→ **Required action**: Your output should be exactly the lines from the one containing "Xẻng lật thức" through the final line of the following data, please, with no pictures.

→ **Data**:
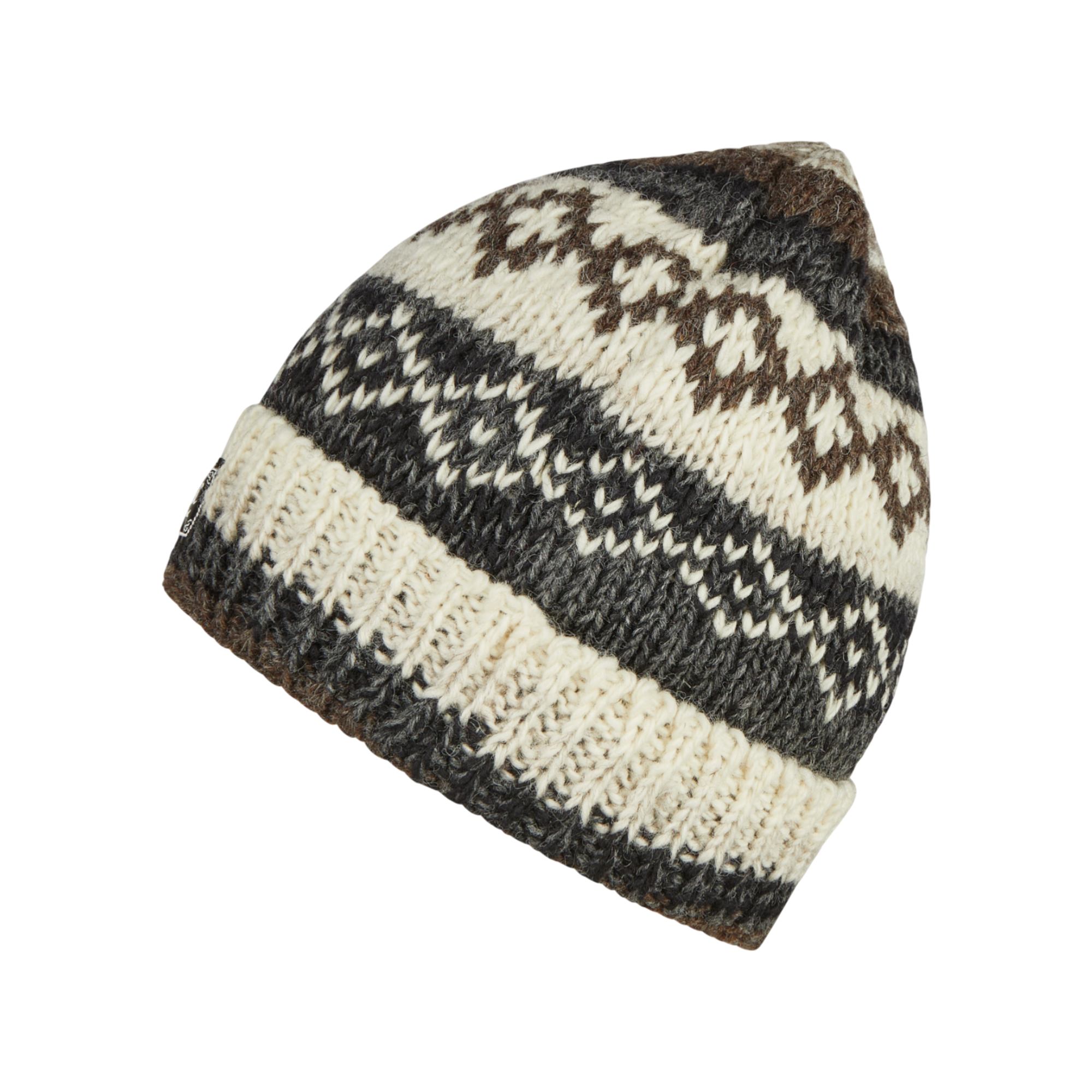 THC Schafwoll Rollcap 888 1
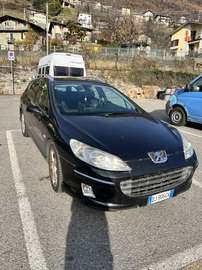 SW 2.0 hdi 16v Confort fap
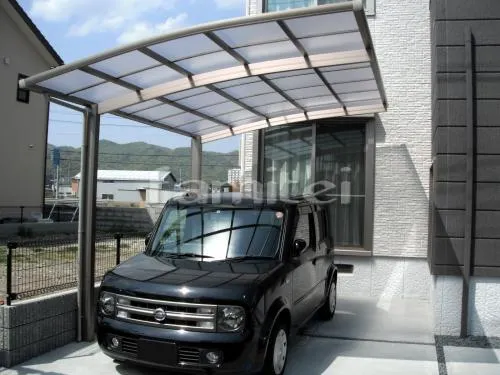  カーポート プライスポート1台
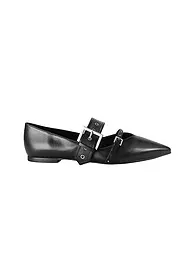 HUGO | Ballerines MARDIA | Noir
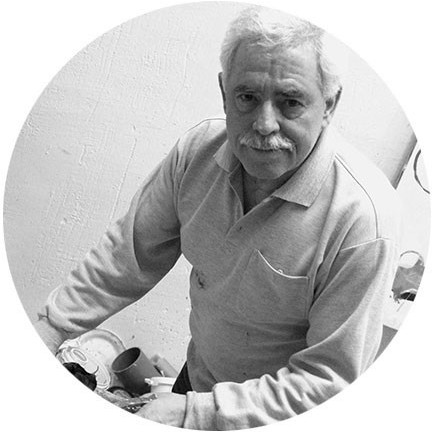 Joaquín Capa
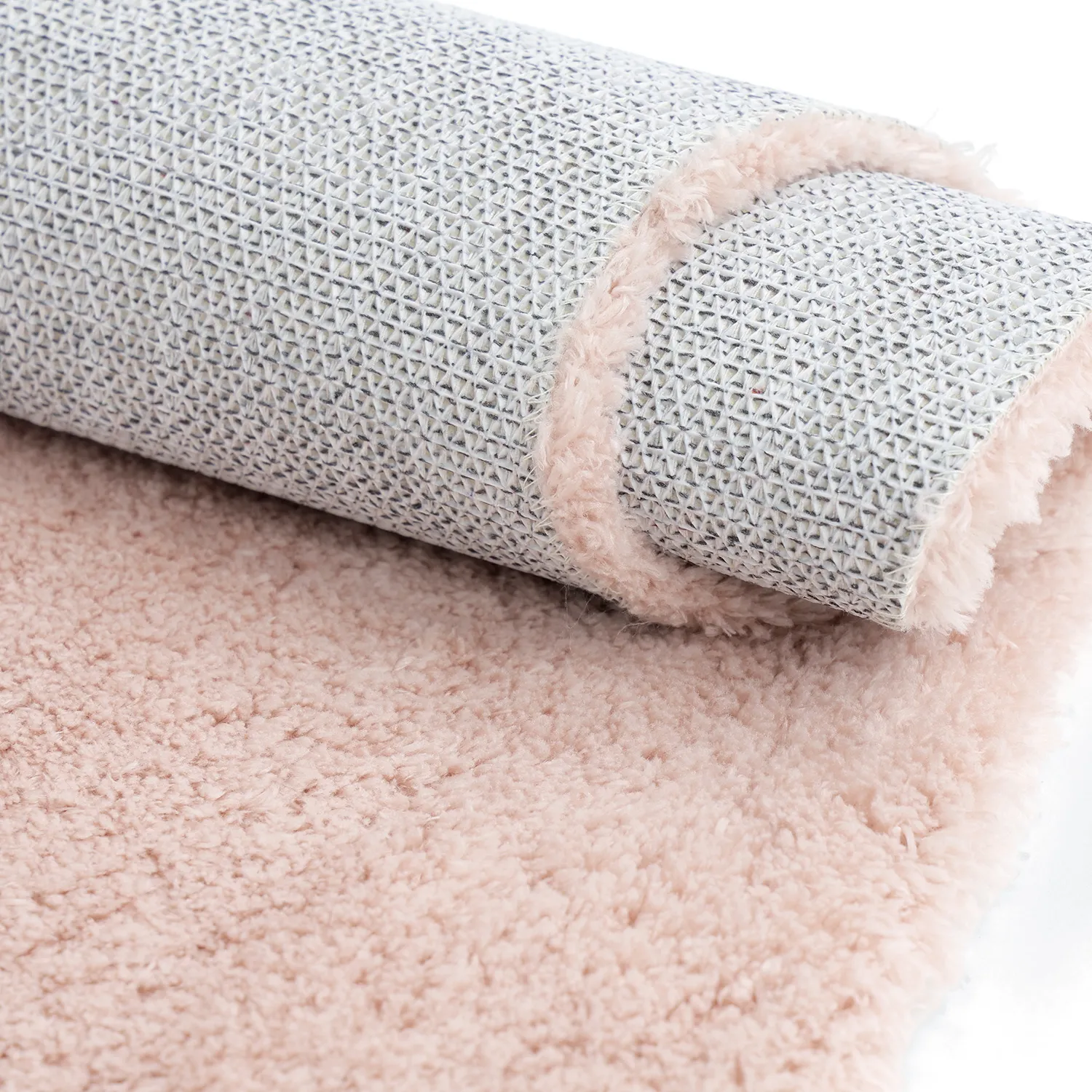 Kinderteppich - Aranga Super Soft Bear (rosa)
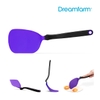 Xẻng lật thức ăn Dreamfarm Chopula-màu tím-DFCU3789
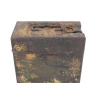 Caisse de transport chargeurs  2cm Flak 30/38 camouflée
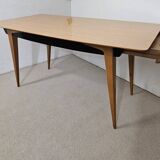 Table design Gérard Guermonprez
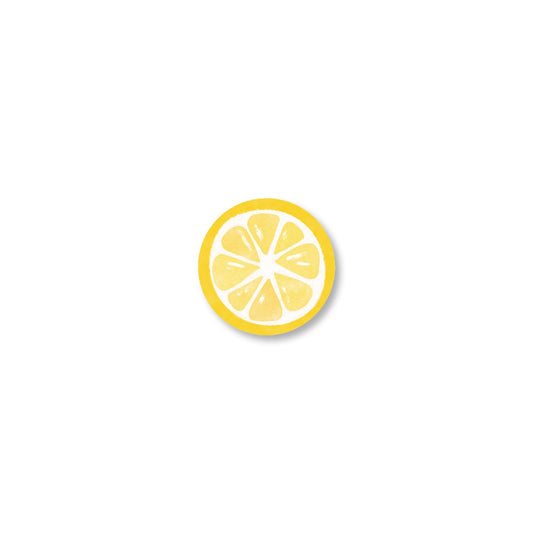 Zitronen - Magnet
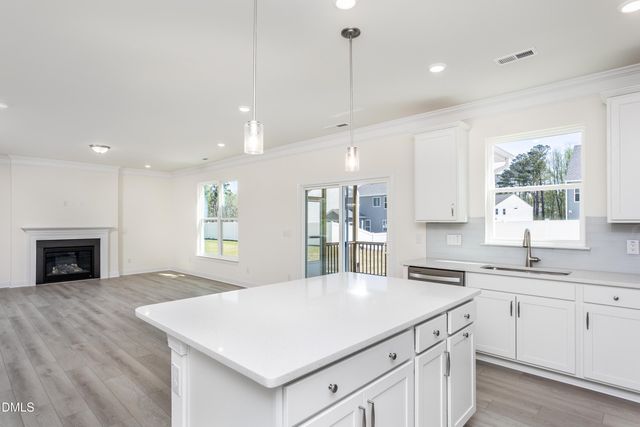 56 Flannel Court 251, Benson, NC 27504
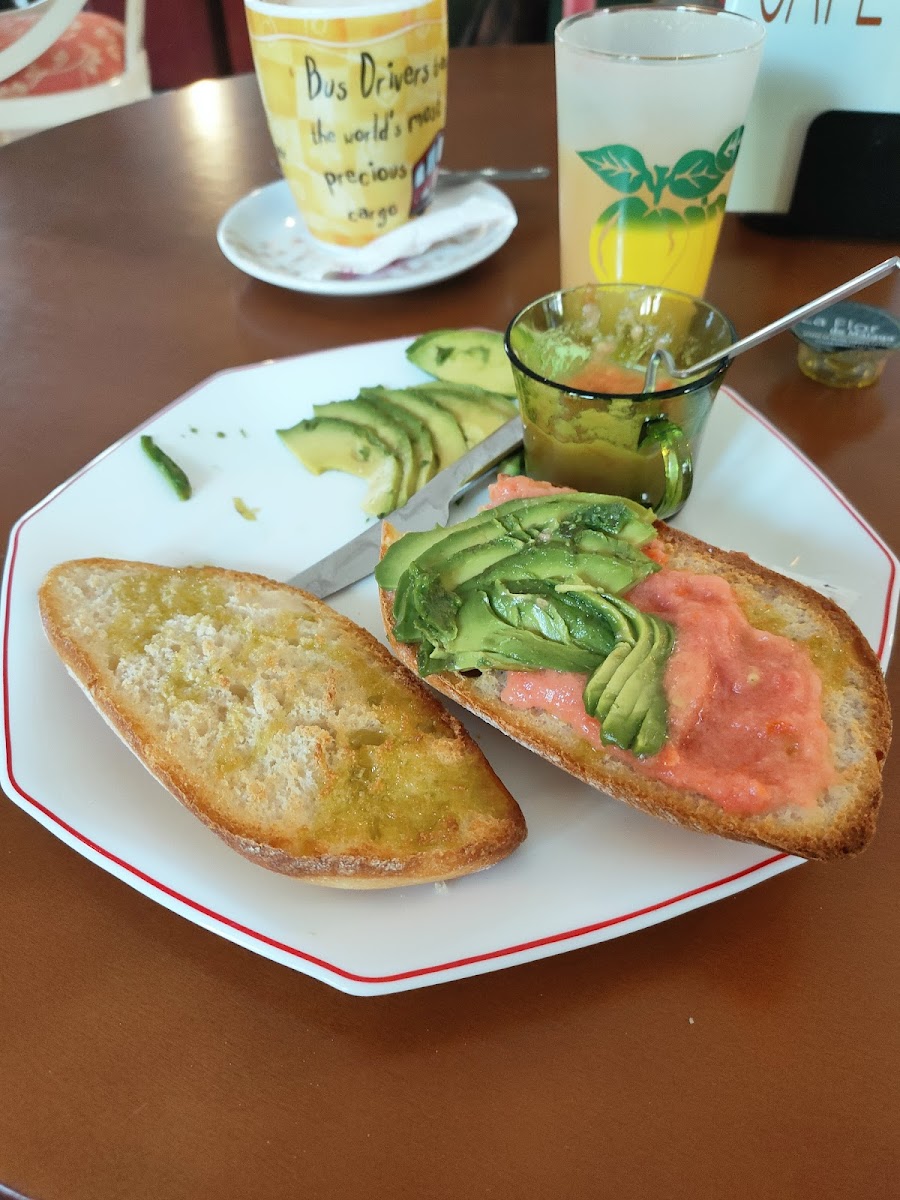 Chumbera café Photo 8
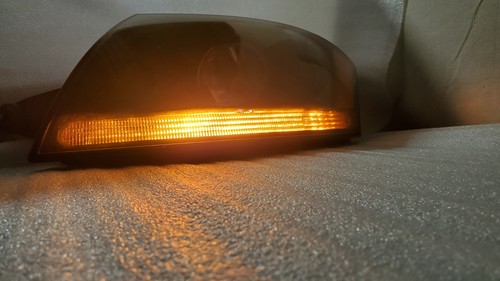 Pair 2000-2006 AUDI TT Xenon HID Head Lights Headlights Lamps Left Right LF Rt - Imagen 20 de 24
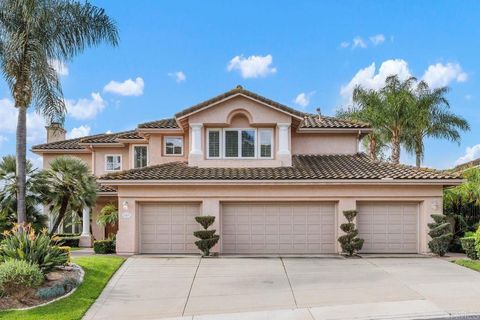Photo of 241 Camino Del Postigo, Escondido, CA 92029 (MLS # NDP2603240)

→ **Solution to the exercise**:
 Xẻng lật thức ăn Dreamfarm Chopula-màu tím-DFCU3789
 Caisse de transport chargeurs  2cm Flak 30/38 camouflée
 Table design Gérard Guermonprez
 Zitronen - Magnet
 56 Flannel Court 251, Benson, NC 27504
 Chumbera café Photo 8
 Pair 2000-2006 AUDI TT Xenon HID Head Lights Headlights Lamps Left Right LF Rt - Imagen 20 de 24
Photo of 241 Camino Del Postigo, Escondido, CA 92029 (MLS # NDP2603240)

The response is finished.